>>>>>

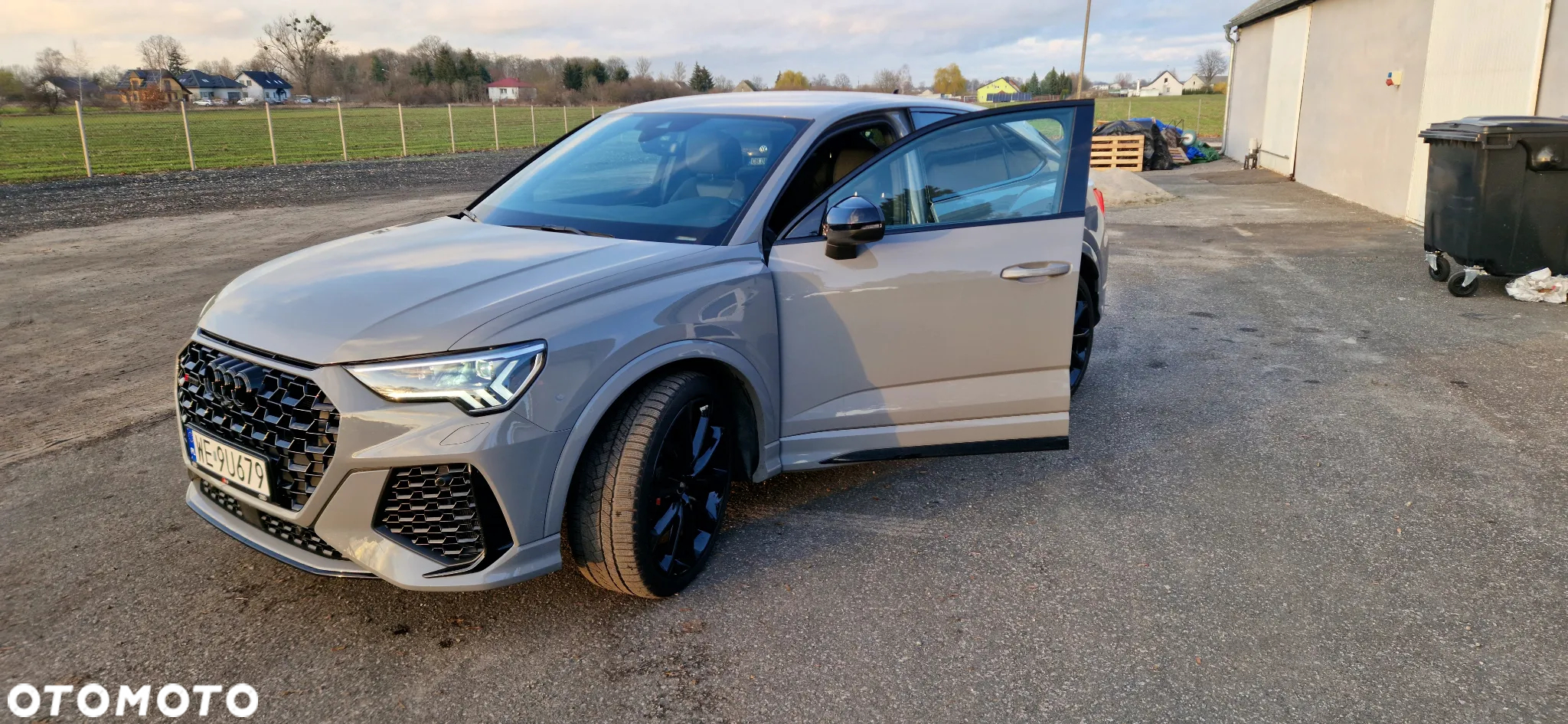 Audi RS Q3 - 3
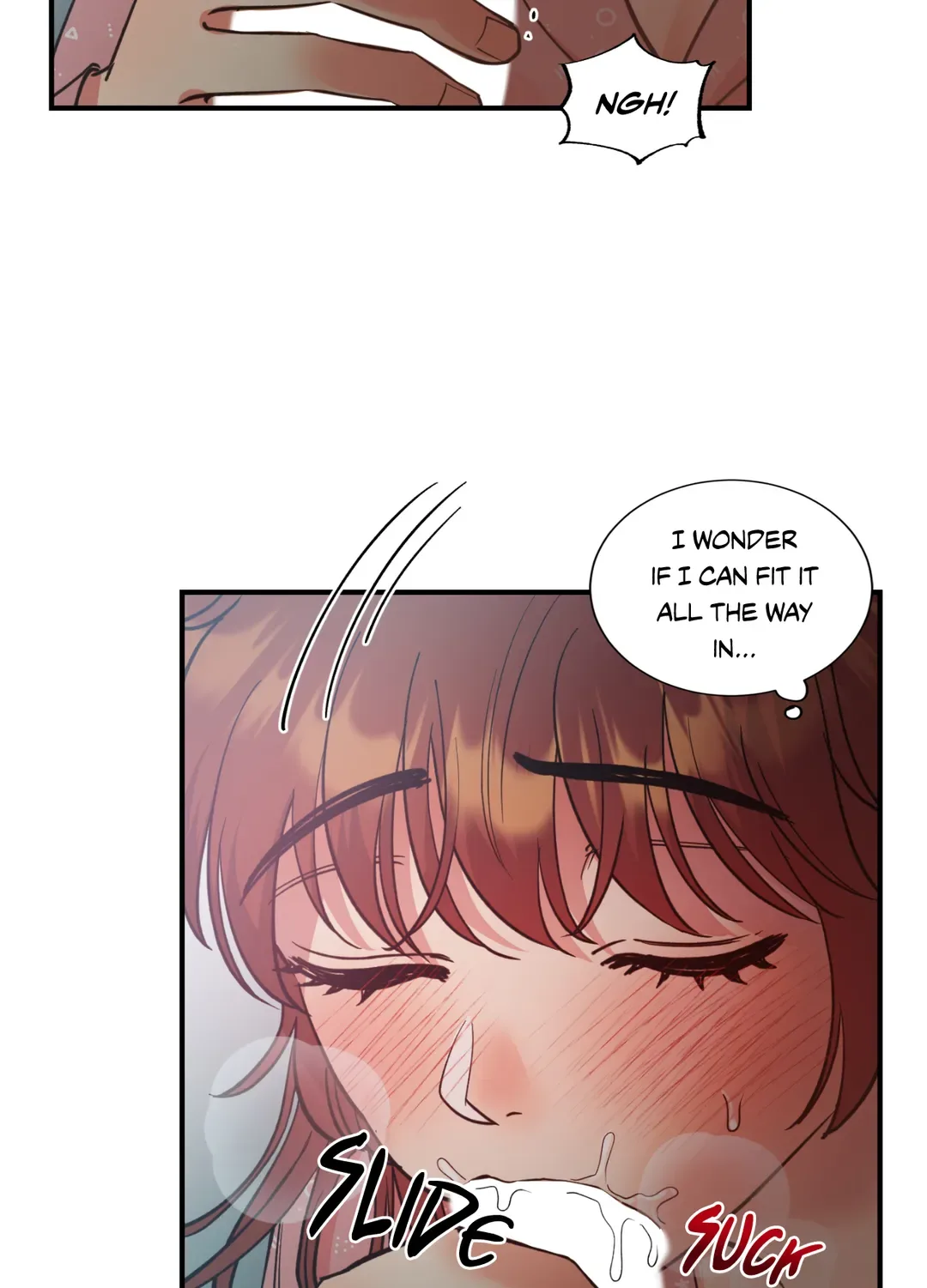 Hana's Demons of Lust Chapter 50 page 38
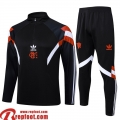 Flamengo Survetement de Foot Homme 2025 2026 A765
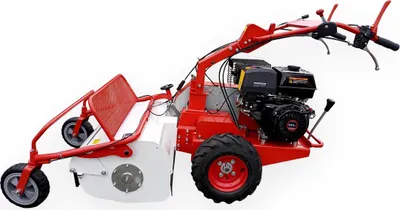 Zdjęcie produktu dla Mastercut Sg0813 Kosiarka Spalinowa Bijakowa 76Cm Loncin 12Km
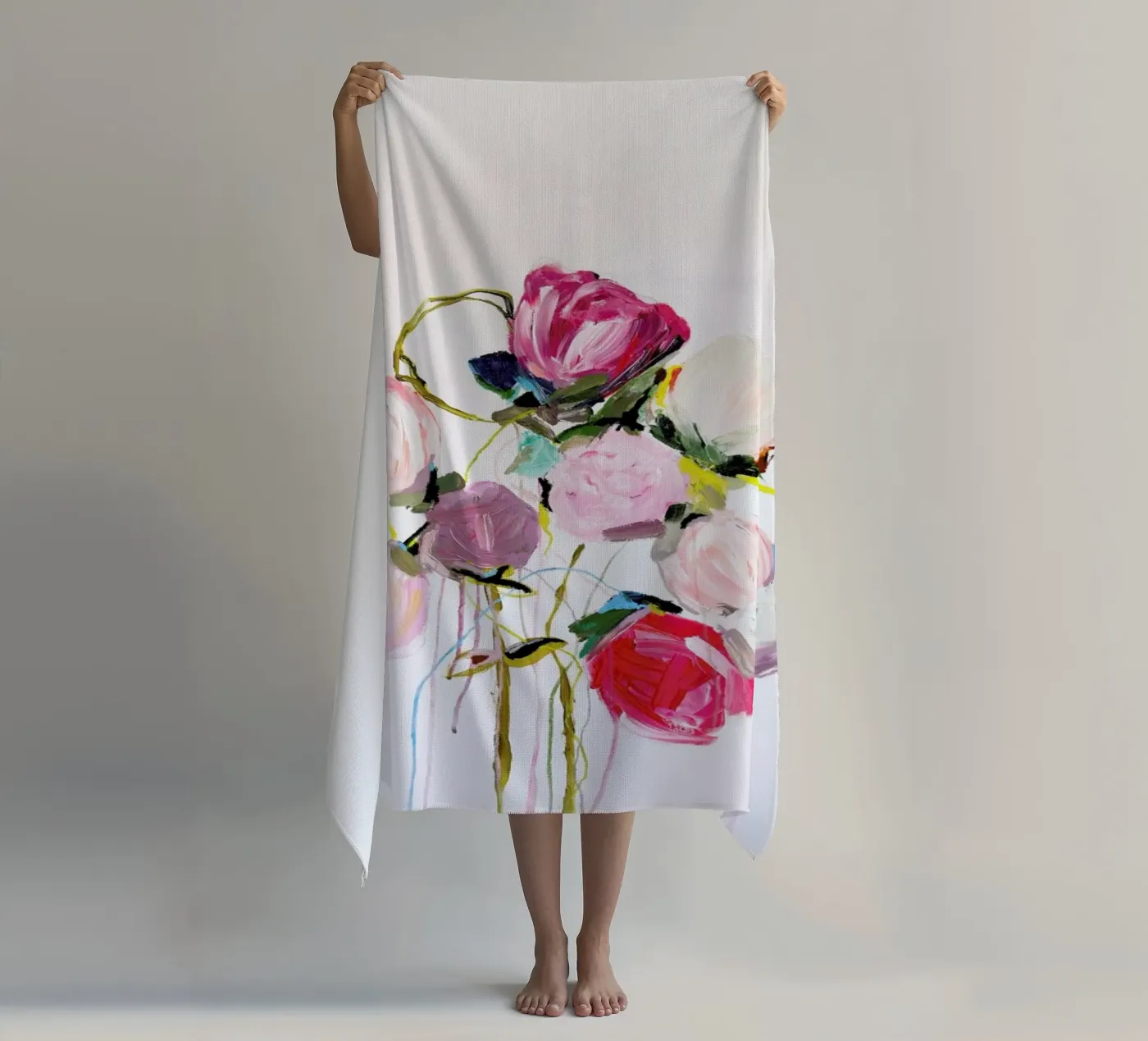 Bloom 0709 telo mare da Leigh Viner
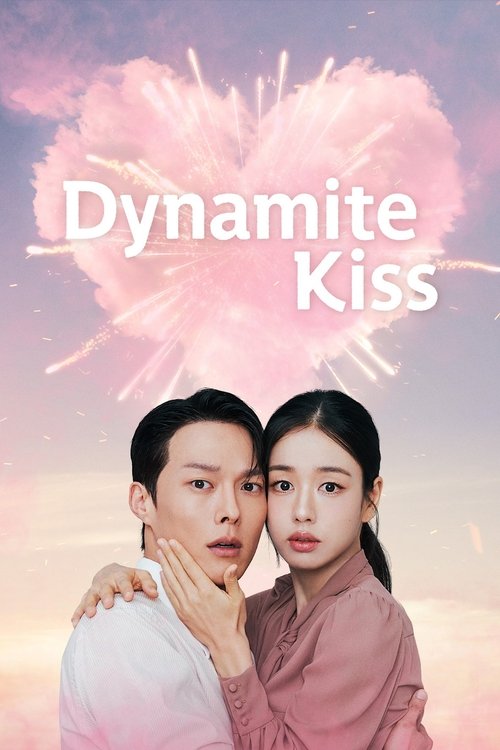 Dynamite Kiss (2025)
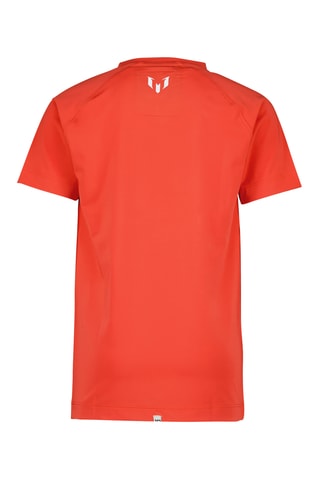 T-shirt - Rosso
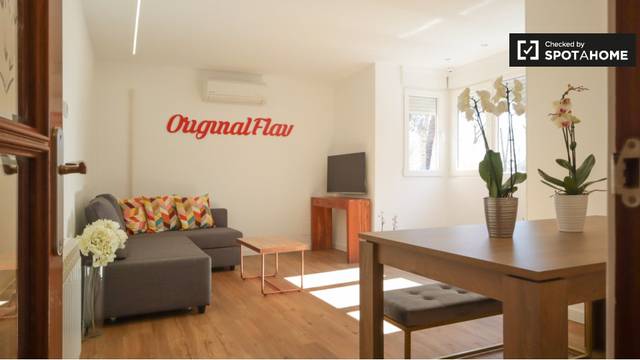 Piso en Alquiler en Zarzaquemada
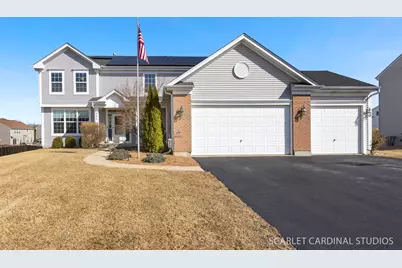 335 Sutton Street, Yorkville, IL 60560 - Photo 25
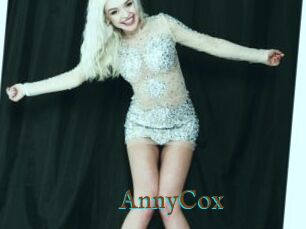 AnnyCox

<<<<<

Once the line containing "Zdjęcie produktu dla" is found, write it out exactly along with every line after it through the end of the listing, excluding pictures.

__Exercise answer__.
 Zdjęcie produktu dla Mastercut Sg0813 Kosiarka Spalinowa Bijakowa 76Cm Loncin 12Km
 Bloom 0709 telo mare da Leigh Viner
 Dynamite Kiss (2025)
 T-shirt - Rosso
 Piso en Alquiler en Zarzaquemada
 335 Sutton Street, Yorkville, IL 60560 - Photo 25
 AnnyCox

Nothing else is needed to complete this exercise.